Le lundi matin en première heure, j’ai les 5ème Empiflor en demi-groupe. Hasard des effectifs, il n’y a presque que des élèves auxquels j’ai enseigné en 6ème. Hasard des effectifs aussi, quelque chose les rassemble : j’ai envie de dire que ce sont les plus doux.
Dans ce début de semaine cotonneux, où j’évite d’allumer une lumière aux néons un peu trop crus, nous discutons, avec lenteur et calme du passage du Hobbit qu’ils viennent de lire. Pour une fois, Rosa a pris la parole. Cette gamine placide et en pleine poussée de croissance participe en classe comme elle fait tout le reste : prudemment. Juste assez pour qu’on ne la remarque pas, ni dans un sens ni dans l’autre. Mais pas ce matin.
« Mais monsieur, Gandalf il savait que Bilbo était pas vraiment cambrioleur ?
– Oui. Il veut que Bilbo parte à l’aventure mais…
– C’est quoi son métier à Bilbo, d’ailleurs ?
– On ne sait pas, comme sa famille est riche, il ne travaille probablement pas mais…
– Mais et le dragon, il crache du feu ? Si Bilbo ne l’évite pas, il va mourir ? »
Rosa n’a jamais manifesté autre chose qu’un intérêt poli pour ce que nous étudions, depuis septembre 2024. Pas cette fois. Et sa fébrilité semble contagieuse. Les questions se répandent et bruissent :
« Et ses dents ? Il a de grandes dents ?
– Mais pourquoi Bilbo il doit rentrer tout seul dans la montagne ?

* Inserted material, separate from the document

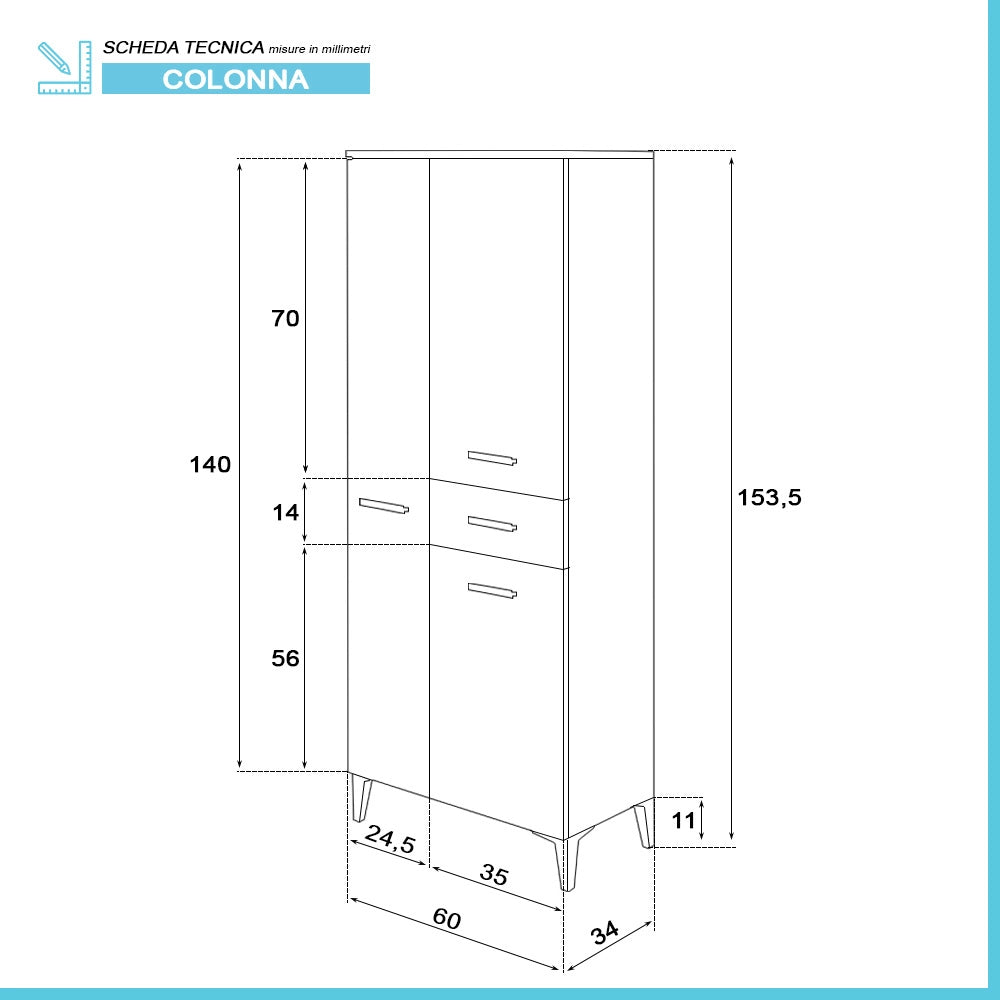 Colonna bagno a terra 60x153,5 cm rovere dolomite con 2 ante e cassetto Desya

– Il ne va pas mourir hein ? Vous promettez ? »
Ces cinquièmes, qui sont à l’âge où je me retrouve souvent face à des êtres soumis à une violence qui les dépasse, écarquillent les yeux, face aux signes que je dessine en l’air pour évoquer Smaug, les feux d’artifice de Gandalf, et les rassurer quant au sort du petit hobbit. C’est ténu, bref et ça disparaîtra dès la sonnerie.
Pour un début de semaine, c’est immense.